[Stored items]
Segment Open

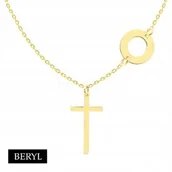 Biżuteria religijna - Naszyjnik celebrytka Srebro925 krzyżyk kółko - miniaturka - grafika 1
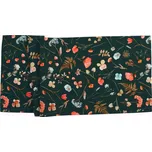 Běhoun na stůl Marianne tmavě zelený s květy 50x140cm, Sander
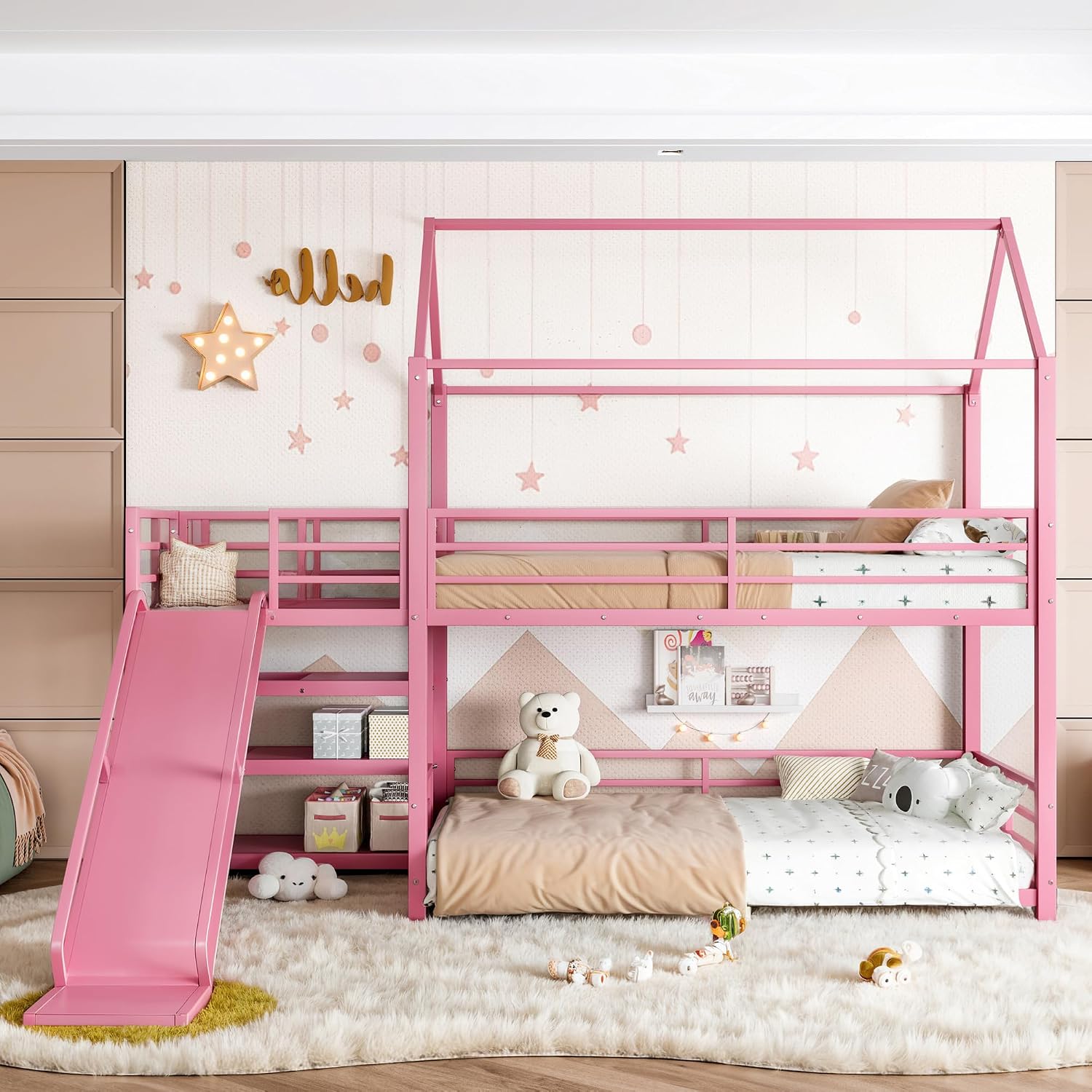 Bunk Bed With Stairs And Slide - Двухъярусная кровать с горкой и лестницей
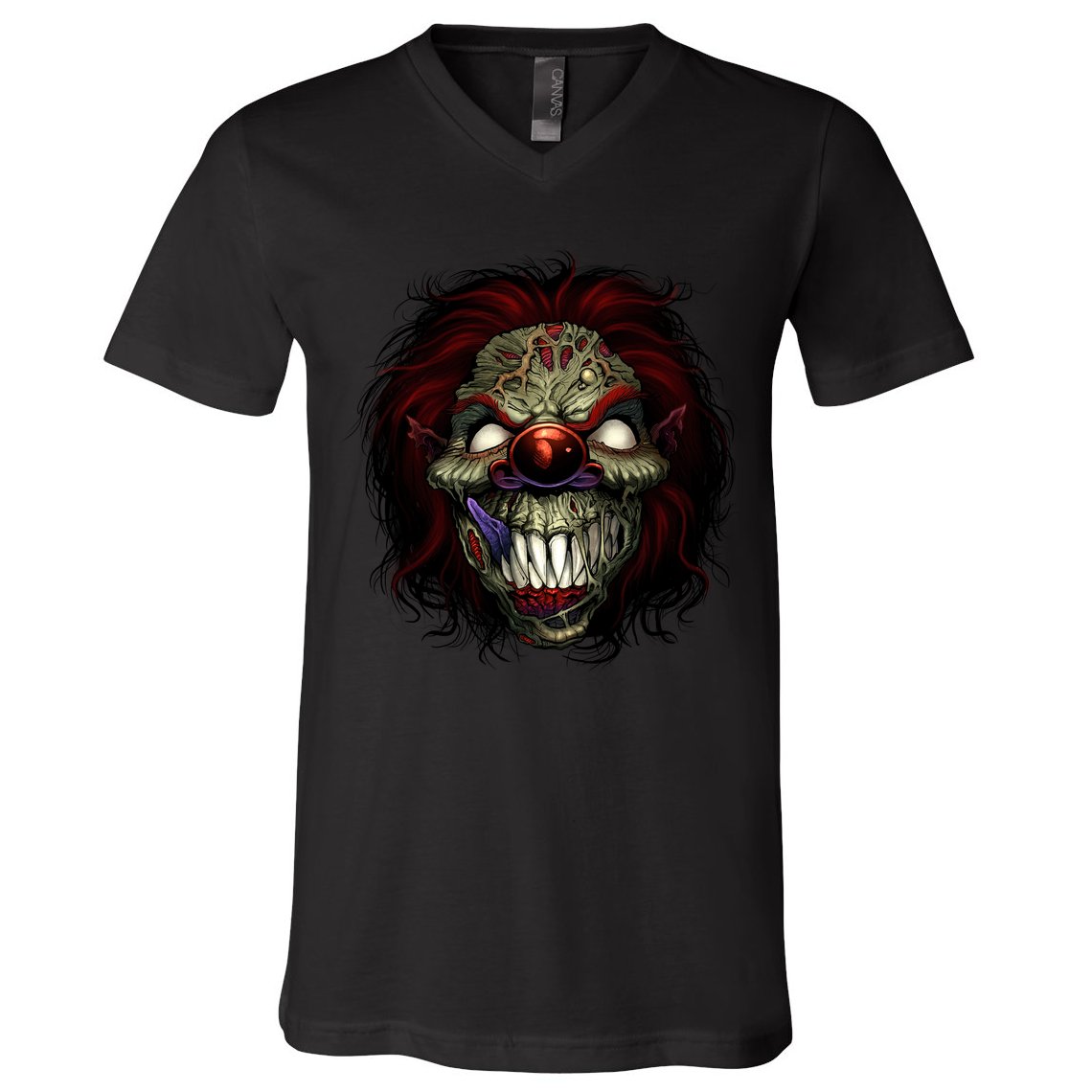 Evil Clown Smiling V-Neck T-Shirt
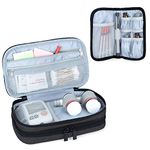 Luxja Insulin Travel Case, Double Layer Insulin Bag for Insulin Pens, Glucose Meter and Other Diabetic Supplies (Bag Only), Black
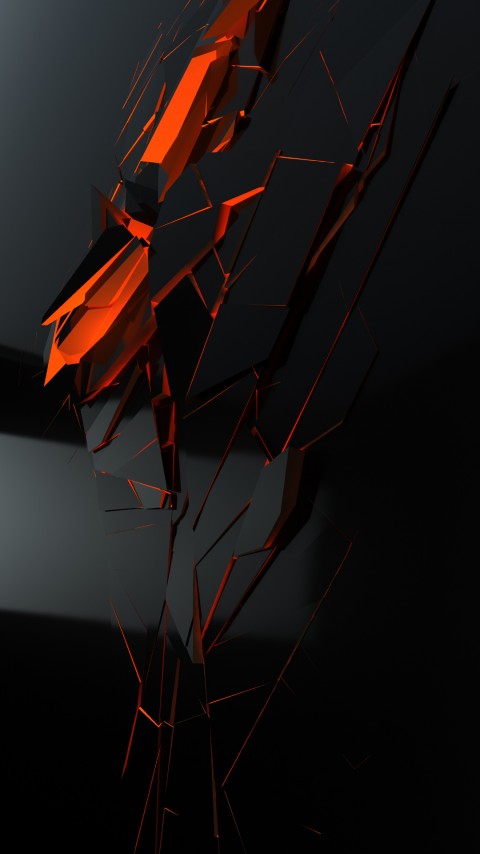 Orange Broken Glass Pieces 4k Mobile Wallpaper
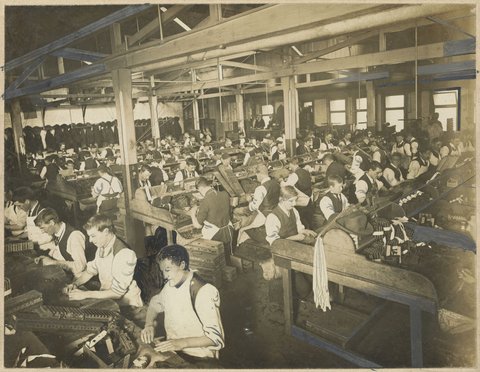 Cigar making room, States Tobacco Company, A'Beckett Street, Melbourne, 1900–20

Segment Closed

Task statement ▸ Copy exactly the lines from the one containing "Luxja Insulin Travel" through the last line of the records above, including both, and omit every picture.

Response ▸
 Luxja Insulin Travel Case, Double Layer Insulin Bag for Insulin Pens, Glucose Meter and Other Diabetic Supplies (Bag Only), Black
 Orange Broken Glass Pieces 4k Mobile Wallpaper
 Cigar making room, States Tobacco Company, A'Beckett Street, Melbourne, 1900–20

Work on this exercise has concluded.